The Siheung Korea Open ran at Wave Park in Siheung, South Korea from November 17-19, 2023. The event was unusual for a couple of reasons: One, it snowed during competition and two, it’s part of the WSL’s new affinity for wave pool events.



The first-ever Asia regional QS to be held in a wave basin was won by Amuro Tsuzuki (JPN) and Keijiro Nishi (JPN), and the first-ever LQS to be held in a wave basin globally was won by Natsumi Taoka (JPN) and Kai Hamase (JPN).

Power came up against precision in the Women’s QS 3000 Final, as Tsuzuki, the Olympic Bronze Medalist, faced her great friend Minami Nonaka (JPN) for their third QS head-to-head match-up, the first time in a Final. The raw power of Tsuzuki won out, delivering a fourth QS victory to the 22-year-old, who has made the Final in every QS she has entered in the past two seasons.



Both surfers built on their scores with each wave surfed in the Final, until a fall from Nonaka on her fourth wave gave Tsuzuki the upper hand, freeing her up to throw caution to the wind on her sixth and final wave.
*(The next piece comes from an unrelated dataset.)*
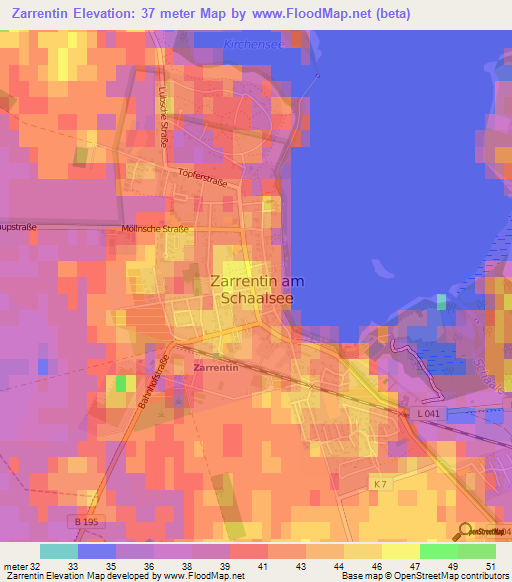 Zarrentin,Germany Elevation Map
Ripping through multiple aggressive backhand turns with speed, Tsuzuki earned a near-perfect 9.5 (out of a possible 10), the highest single wave score of the event, and the highest heat total of the Women’s QS 3000, 18.10 (out of a possible 20).



Sky Brown of Great Britain surfs in Heat 4 of the Quarterfinals at the Siheung Korea Open. Photo by Cait Miers/WSL.

“I feel amazing,” Tsuzuki said. “I feel so happy right now. Also, I’m happy to compete with Minami, she’s my best friend. This is huge for my memories.”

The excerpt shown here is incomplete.